I found another dead female and I put 2 sick girls in quarantine and I’m really frustrated that it’s not working I just spent $500 on fish and the tank I’m wondering if your right!?
Because my bettas who live alone live years usually 

one of my youngest betta was only a year when it died, but in my sorority I’ve only had most of these fish at most 1week

if this continues to not work, does anyone have any ideas for stocking the tank?? What fish are compatible with my neons, And Cory catfish

and also the fish that are not bettas are doing great and not dying


----------



## Betta craze (Feb 17, 2021)

One of The girls in quarantine just died

and I’ve also tested the water again it’s still safe and the same


----------



## Momofbetta (May 16, 2020)

This is classic sorority failure. The water is fine.. The other fish are fine. Bettas dying one after the other is a pretty clear sign that they are stressed and fighting. This often leads to death.

A successful sorority is a misnomer. Temporarily, it will seem fine. It can absolutely fail at any given time. 

Either way, if you want a sorority, you need ay least 50% plant coverage of the entire tank and many hiding spots too.

Never house males and females together.


----------



## Betta craze (Feb 17, 2021)

They are definitely fight some I took one of my breeder quality bettas out because of torn fins I didn’t want it to get worse 

several have clamped fins and stress stripes

What should I do? I’m thinking of taking them all out soon then giving them a quarantine and finding them homes


----------



## RussellTheShihTzu (Mar 19, 2013)

As noted, success is rated in years; not months. Sadly, many people claim success far too soon and lull others into thinking whatever they're attempting will be a-okay.
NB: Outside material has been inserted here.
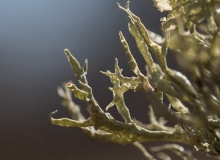 Ramalina sp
And they never come back when it fails. Even the member who wrote the "Successful Sorority" sticky no longer supports the idea.

Your females are most likely dying, as noted, from compromised immune systems stemming from stress.

Whether you continue with a sorority or go with a community tank, you need at least 50% planting. Unlike Saltwater fish, Tropicals do not live in barren environments. They need cover to feel secure. Once you plant properly a 55 makes a great community tank.

Good luck!


----------



## Kat50 (Dec 22, 2020)

That would probably be best unless you want individual tanks. Once they start on one they usually find that one weak and they will be vulnerable. I tried to reintroduce my one girl when her fins healed back and as soon as I turned her loose, My beta girl went right after her and injured her. I got her out as soon as I could because I had to grab a net under the tank. It would have been a blood bath my girl that wasn’t afraid of anything was hiding and it was a sad sight. I had her in a container to acclimate just because this tank was cooler than her other tank so I didn’t just dump her in but it was like moonpie was circling like a shark just waiting for a weak fish to come by. I would move them put Indian Almond leaves or tea in to calm them and help if they have wounds. Sororities are hard and if you are just wanting fish in the big tank and no others I would get community fish since you already have some. For example I would get a large group of neons and corys and find a fish as a focal point like an angel or a reg not dwarf gouramis and harlequins, and danios. You can’t put goldfish in with the tropical community and they are very dirty fish or I should say they leave a lot of waste. If you decide to redone them I would let people know they should be separated and not in a sorority because they have already gone through this stress and it may kill them. I wish you the best on the choice you make.


----------



## Betta craze (Feb 17, 2021)

Do I need to separate the bettas?? I had 3 more die today


----------



## X skully X (Mar 17, 2020)

Yes, you should separate them.


----------



## Betta craze (Feb 17, 2021)

I did separate them all except for three who have lived together their whole life, and I put them in a ten gallon together, it’s the same tank they have lived in for a long time, so hopefully they are fine 

I put the others in bowls and I find it weird they like their bowls better than the 55 gallon tank

And the three like their ten gallon better


----------



## Momofbetta (May 16, 2020)

Given that they were all just stressed/fighting/dying, it is anything but surprising that they prefer a small space alone.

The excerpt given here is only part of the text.